Accounting for advances to employees and officers

3. Internal controls for employee expense reports

Employee expense report schemes can be very costly. They can range from free lunches to purchases of expensive gifts and international travel. Employees can overstate business expenses in many ways:

  • by altering receipt copies
  • by providing counterfeited receipts
  • by providing the same receipts for multiple reimbursements
  • by overspending (e.g., buying first-class air tickets)
  • by listing fictitious expenses
  • by listing expenses of others (e.g., other employees, clients) 

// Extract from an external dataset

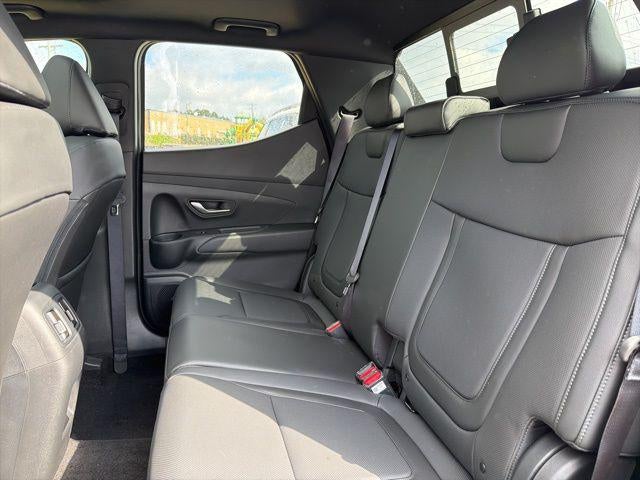 2026 Hyundai Santa Cruz SEL Activity AWD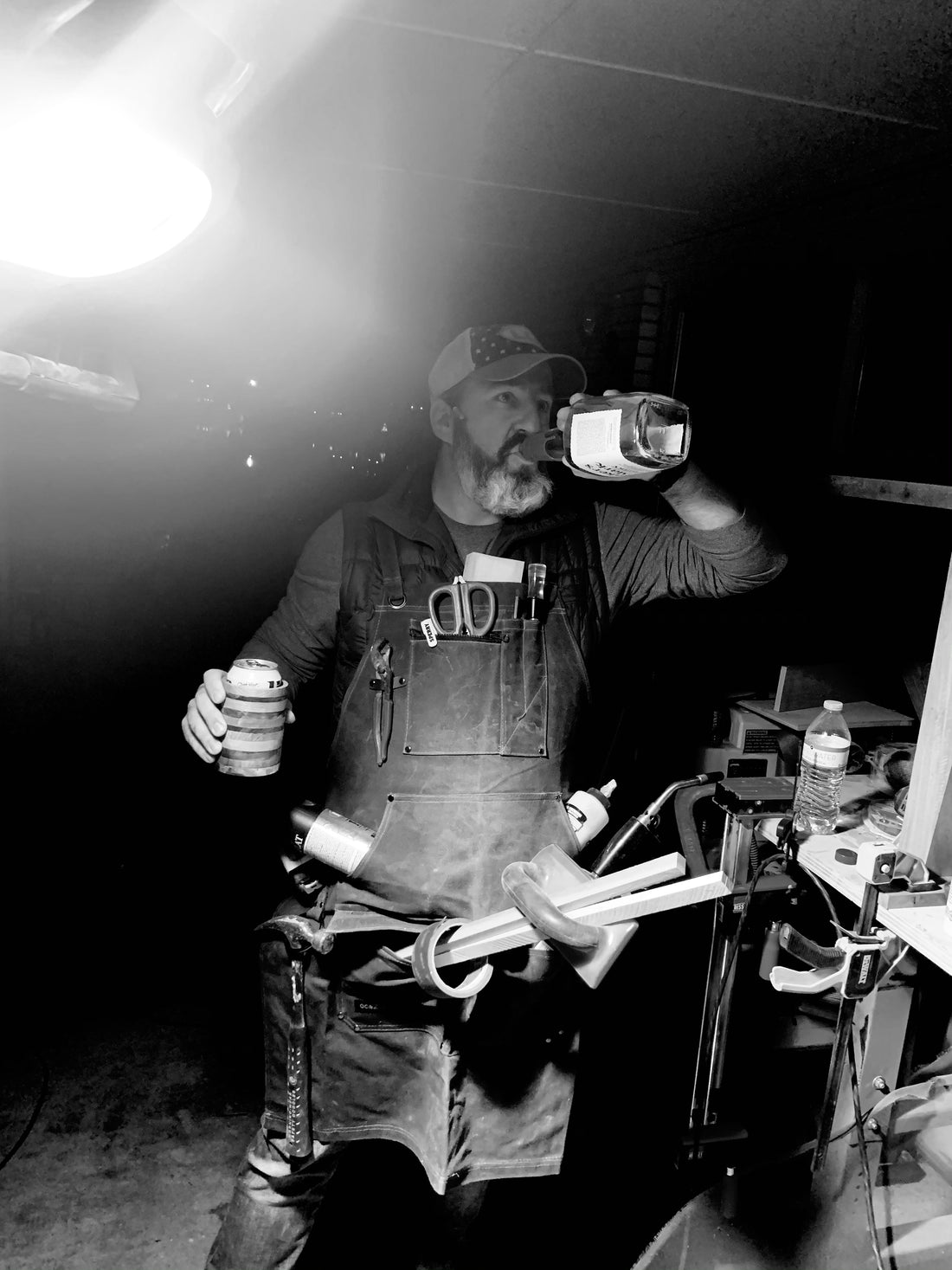 Together, we are getting it right!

An employer can set the following internal controls for employee expense reports (non-exhaustible list):

  • The company should issue a set of policies concerning appropriate (allowable) business expenses.
  • It is advisable to require a detailed expense report (e.g., date, time, place, business nature).
  • Expense reports should be approved by a supervisor.
  • Employees should provide original receipts
  • It is helpful to audit expense reports at random and follow-up with employees regarding unauthorized expense submissions. For example, an employee might mischaracterize personal expenses as overnight travel. In such a case, during the audit the company can compare the employee expense report with the employee’s work schedule.
  • The company can audit for consecutively numbered receipts from the same establishment (e.g., restaurant, taxi)
  • Repeat offenders should be audited more often (i.e., not at random).
  • The company can establish an automated expense reporting system with an interface that can spot violations.